3. Make Them Feel at Ease
Chances are, patients who come to your practice with a dental emergency are going to be a little anxious. Help them relax by greeting them with a smile and assuring them they’re in great hands.

These patients may also be a little frazzled, so ask them if they’d like help filling out their paperwork. If they’re in a lot of pain or discomfort, I recommend taking them to a private consultation room where a team member can help them fill out the necessary forms. Once they’re done, let them know how long it will be before they see the doctor. Simply put, make them feel as comfortable as possible. They’ll appreciate the effort, and may even tell family and friends about the excellent care they received while at your practice.

4. Watch for Cues
When talking with emergency patients, your dental assistant should take note of any obstacles they are likely to bring up when the dental team speaks with them about scheduling a comprehensive exam. Do they appear scared or anxious? Do they keep asking about how much treatment will cost, how much pain they can expect or how long the procedure will take? Do they keep apologizing because it’s been so long since they’ve seen a dentist? Do they seem angry or frustrated? Has a negative dental experience kept them from pursuing comprehensive care?

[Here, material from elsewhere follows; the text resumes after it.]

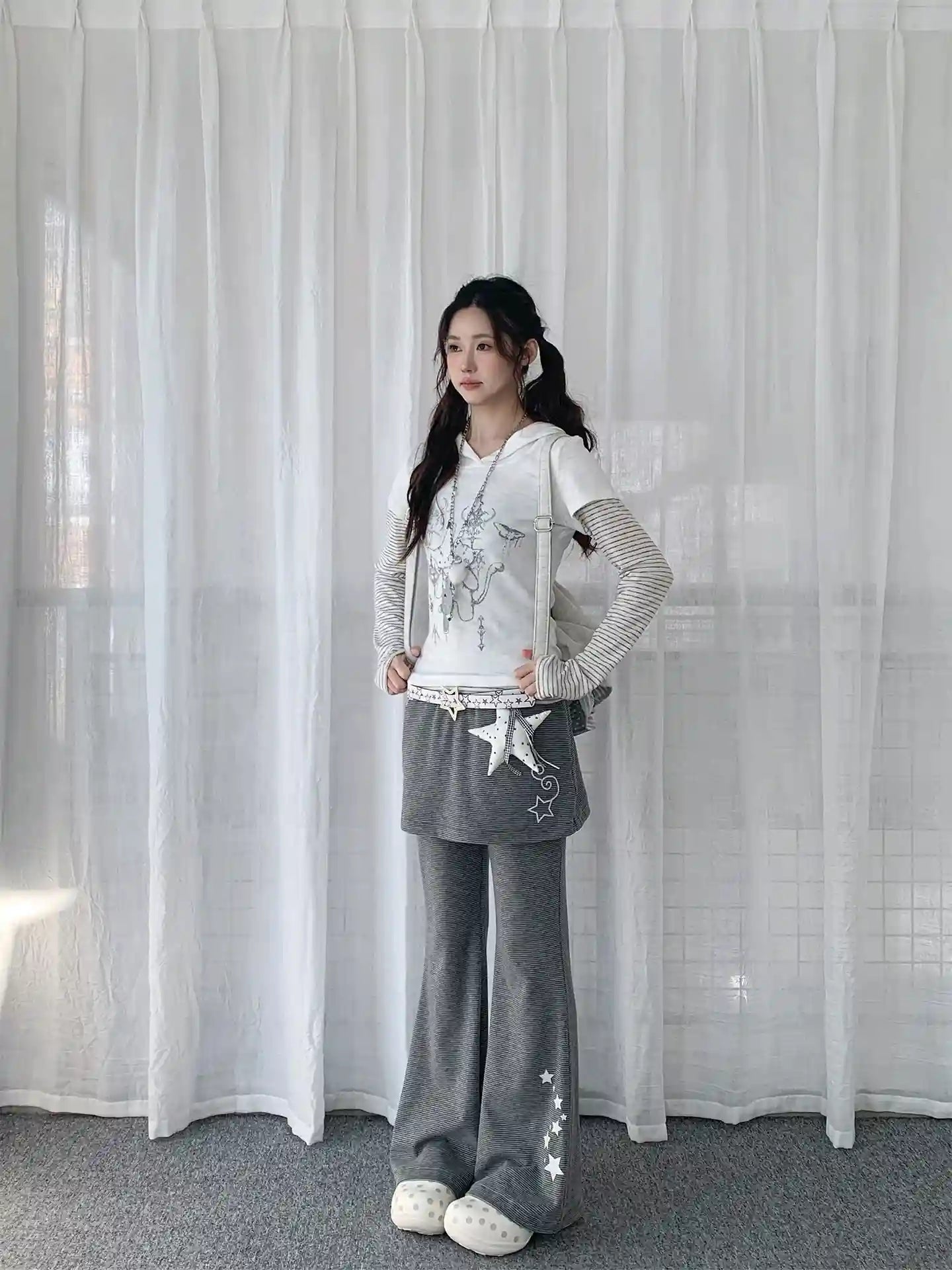 Y2K Striped Layered Flare Pants   OL2240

If you know why these patients have avoided the dentist for so long, you can tailor your education to ease their specific concerns and fears, which will help them to overcome these barriers and make them more likely to schedule a comprehensive exam before they leave.

5. Stress the Importance of Ongoing Care
While you have them chairside, educate emergency patients about their condition and the importance of maintaining their oral health. Use tools such as an intraoral camera, hand mirrors and educational videos to help them see exactly what’s going on in their mouth, and why they can no longer ignore it.

Continue to educate patients after treatment is complete. Escort them to the front desk and stress the importance of continual care. Tell your Scheduling Coordinator to schedule the patient for a comprehensive exam as soon as possible. There should be time in the schedule reserved for emergency patients who are ready to make appointments. You want these patients to come back for their comprehensive exam within a week, not six weeks or six months down the road.

6. Follow-Up
Even if an emergency patient schedules a comprehensive exam before leaving, be sure to follow-up with a phone call to check on the patient that evening or the next. Ask how they are feeling, and thank them for allowing you and your team to provide care. This will go a long way in winning patients over, but the follow-up shouldn’t end there. Within a few days, mail the patient a package filled with information about your practice and the services you offer. Attach a handwritten note that specifically addresses the patient’s experience and expresses concern for his or her well-being. Let the patient know you and your team are looking forward to their next appointment, and to visit the practice website or call the office with any questions.

Emergency patients don’t have to be a source of frustration. Instead of getting annoyed when they call and disrupt your day, think of them as an opportunity for practice growth. Follow these tips and you won’t have to wonder what happened to those emergency patients who never came back, because they’ll be loyal patients who are helping to boost your practice productivity and your bottom line.